▶ **Assignment**:
Transcribe the data. Leave out nothing.

▶ **Task material**:
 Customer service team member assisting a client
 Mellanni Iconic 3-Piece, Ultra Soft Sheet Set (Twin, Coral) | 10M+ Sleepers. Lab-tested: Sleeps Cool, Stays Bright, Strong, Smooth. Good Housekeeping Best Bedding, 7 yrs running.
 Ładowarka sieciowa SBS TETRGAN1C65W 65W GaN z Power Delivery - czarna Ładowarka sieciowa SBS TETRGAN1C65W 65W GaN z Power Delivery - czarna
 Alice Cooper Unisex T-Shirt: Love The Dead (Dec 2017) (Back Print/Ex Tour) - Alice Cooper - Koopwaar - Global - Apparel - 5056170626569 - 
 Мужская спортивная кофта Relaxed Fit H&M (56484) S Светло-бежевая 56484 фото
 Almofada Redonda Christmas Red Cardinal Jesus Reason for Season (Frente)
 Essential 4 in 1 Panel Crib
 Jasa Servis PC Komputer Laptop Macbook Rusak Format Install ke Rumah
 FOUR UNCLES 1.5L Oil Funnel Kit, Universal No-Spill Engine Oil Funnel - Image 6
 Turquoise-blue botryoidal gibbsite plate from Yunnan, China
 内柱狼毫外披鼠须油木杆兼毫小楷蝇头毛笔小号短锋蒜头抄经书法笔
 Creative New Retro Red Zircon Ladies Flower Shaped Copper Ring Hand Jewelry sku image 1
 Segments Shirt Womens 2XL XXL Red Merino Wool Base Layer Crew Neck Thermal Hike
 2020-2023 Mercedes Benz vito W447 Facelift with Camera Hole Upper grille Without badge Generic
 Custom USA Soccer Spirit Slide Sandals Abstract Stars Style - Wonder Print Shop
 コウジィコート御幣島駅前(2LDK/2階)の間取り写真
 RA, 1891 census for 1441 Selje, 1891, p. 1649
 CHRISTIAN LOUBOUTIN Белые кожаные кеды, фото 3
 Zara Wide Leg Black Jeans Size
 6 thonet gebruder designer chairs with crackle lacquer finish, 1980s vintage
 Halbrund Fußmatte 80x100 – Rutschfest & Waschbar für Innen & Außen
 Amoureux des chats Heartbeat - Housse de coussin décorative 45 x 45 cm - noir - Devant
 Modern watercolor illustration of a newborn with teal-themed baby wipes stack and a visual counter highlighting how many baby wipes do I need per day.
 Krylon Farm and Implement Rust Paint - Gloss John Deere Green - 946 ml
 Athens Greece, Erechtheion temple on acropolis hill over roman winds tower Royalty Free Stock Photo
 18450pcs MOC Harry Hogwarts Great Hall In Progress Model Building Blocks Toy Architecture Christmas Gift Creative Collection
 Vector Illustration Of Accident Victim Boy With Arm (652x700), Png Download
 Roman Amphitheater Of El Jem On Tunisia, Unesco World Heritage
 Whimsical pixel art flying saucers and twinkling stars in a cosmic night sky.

▶ **Problem solution**:
 Customer service team member assisting a client
 Mellanni Iconic 3-Piece, Ultra Soft Sheet Set (Twin, Coral) | 10M+ Sleepers. Lab-tested: Sleeps Cool, Stays Bright, Strong, Smooth. Good Housekeeping Best Bedding, 7 yrs running.
 Ładowarka sieciowa SBS TETRGAN1C65W 65W GaN z Power Delivery - czarna Ładowarka sieciowa SBS TETRGAN1C65W 65W GaN z Power Delivery - czarna
 Alice Cooper Unisex T-Shirt: Love The Dead (Dec 2017) (Back Print/Ex Tour) - Alice Cooper - Koopwaar - Global - Apparel - 5056170626569 - 
 Мужская спортивная кофта Relaxed Fit H&M (56484) S Светло-бежевая 56484 фото
 Almofada Redonda Christmas Red Cardinal Jesus Reason for Season (Frente)
 Essential 4 in 1 Panel Crib
 Jasa Servis PC Komputer Laptop Macbook Rusak Format Install ke Rumah
 FOUR UNCLES 1.5L Oil Funnel Kit, Universal No-Spill Engine Oil Funnel - Image 6
 Turquoise-blue botryoidal gibbsite plate from Yunnan, China
 内柱狼毫外披鼠须油木杆兼毫小楷蝇头毛笔小号短锋蒜头抄经书法笔
 Creative New Retro Red Zircon Ladies Flower Shaped Copper Ring Hand Jewelry sku image 1
 Segments Shirt Womens 2XL XXL Red Merino Wool Base Layer Crew Neck Thermal Hike
 2020-2023 Mercedes Benz vito W447 Facelift with Camera Hole Upper grille Without badge Generic
 Custom USA Soccer Spirit Slide Sandals Abstract Stars Style - Wonder Print Shop
 コウジィコート御幣島駅前(2LDK/2階)の間取り写真
 RA, 1891 census for 1441 Selje, 1891, p. 1649
 CHRISTIAN LOUBOUTIN Белые кожаные кеды, фото 3
 Zara Wide Leg Black Jeans Size
 6 thonet gebruder designer chairs with crackle lacquer finish, 1980s vintage
 Halbrund Fußmatte 80x100 – Rutschfest & Waschbar für Innen & Außen
 Amoureux des chats Heartbeat - Housse de coussin décorative 45 x 45 cm - noir - Devant
 Modern watercolor illustration of a newborn with teal-themed baby wipes stack and a visual counter highlighting how many baby wipes do I need per day.
 Krylon Farm and Implement Rust Paint - Gloss John Deere Green - 946 ml
 Athens Greece, Erechtheion temple on acropolis hill over roman winds tower Royalty Free Stock Photo
 18450pcs MOC Harry Hogwarts Great Hall In Progress Model Building Blocks Toy Architecture Christmas Gift Creative Collection
 Vector Illustration Of Accident Victim Boy With Arm (652x700), Png Download
 Roman Amphitheater Of El Jem On Tunisia, Unesco World Heritage
 Whimsical pixel art flying saucers and twinkling stars in a cosmic night sky.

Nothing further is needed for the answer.